Building AI Competency

Last month, I wrapped up my two-part essay on business transformation12 with a conclusion: companies that started early are no longer “transforming”, they are in a state of continuous evolution. Google remains a prime example of how even pioneers must perpetually adapt to stay ahead. Most C-level executives recognize the imperative, yet many struggle to match the velocity at which pioneers like Google, Walmart, and JPMorgan Chase have pivoted in just the last twelve months.

In 2026, the challenge for CEOs is no longer fighting the inertia of “getting started.” The challenge is architecting a culture of continuous evolution, one that sustains momentum long after the initial transformation push.

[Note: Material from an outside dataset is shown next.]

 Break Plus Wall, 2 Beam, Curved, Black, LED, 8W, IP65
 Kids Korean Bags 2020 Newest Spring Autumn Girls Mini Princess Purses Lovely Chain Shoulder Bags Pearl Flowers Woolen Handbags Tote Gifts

Coincidentally, the January–February 2026 issue of Harvard Business Review led with “Rethinking Nonstop Transformation.”3 The cover story, by Darrell Rigby and Zach First, challenges the modern corporate obsession with “radical reinvention.” They argue that constant cycles of massive, disruptive change are counterproductive and exhausting. Instead, they advocate for steady, proactive adaptation. The issue’s mantra is powerful:

“The best way to manage transformations is to minimize the need for them.” True progress comes from building a resilient, “regenerative” business model that evolves alongside the market, rather than one that must be broken and rebuilt every three years.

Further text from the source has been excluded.